__Activity__: Please reproduce the listing word for word. Pictures stay out.

__Given data__:
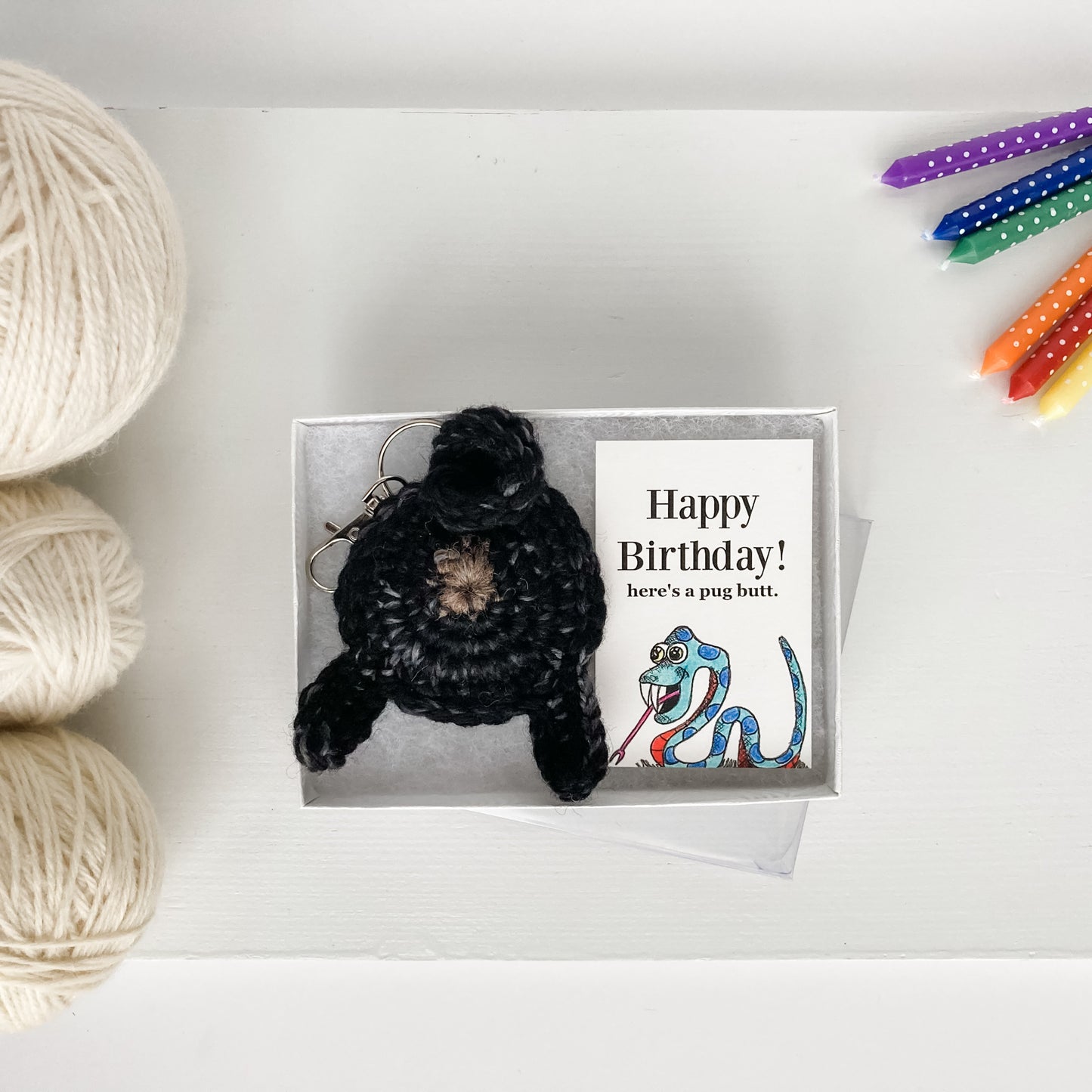 Black Pug Butt Keychain Funny Birthday Gift with Novelty Card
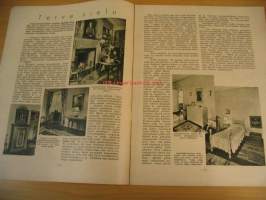 Oma Koti 1933 nr 1 (kansi Martta Wendelin, aihe mummo kutoo sukkaa, vauva nukkuu kehdossa)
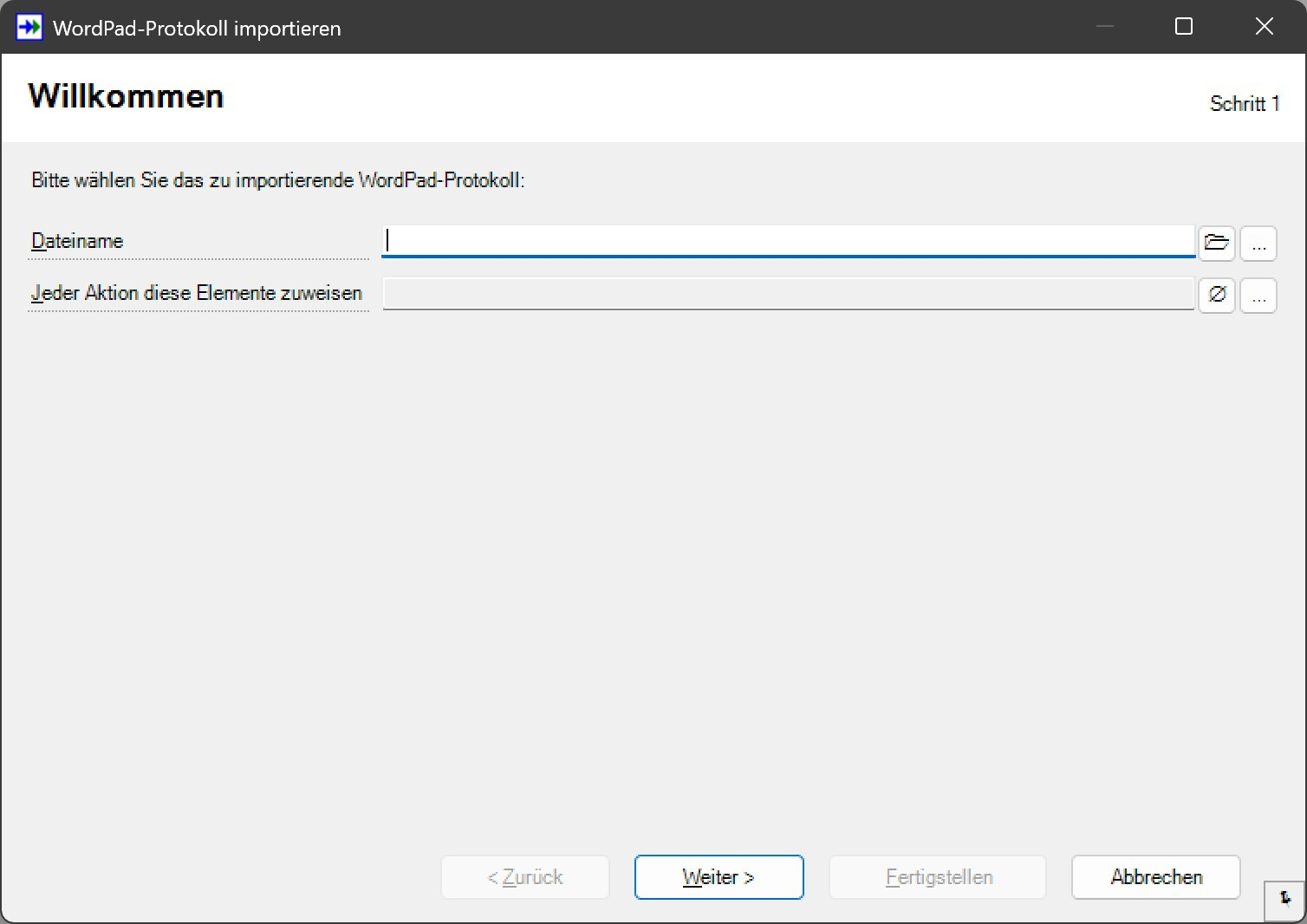 SF Serververwaltung WordPad-Import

__Written response__:
 Black Pug Butt Keychain Funny Birthday Gift with Novelty Card
 Oma Koti 1933 nr 1 (kansi Martta Wendelin, aihe mummo kutoo sukkaa, vauva nukkuu kehdossa)
 SF Serververwaltung WordPad-Import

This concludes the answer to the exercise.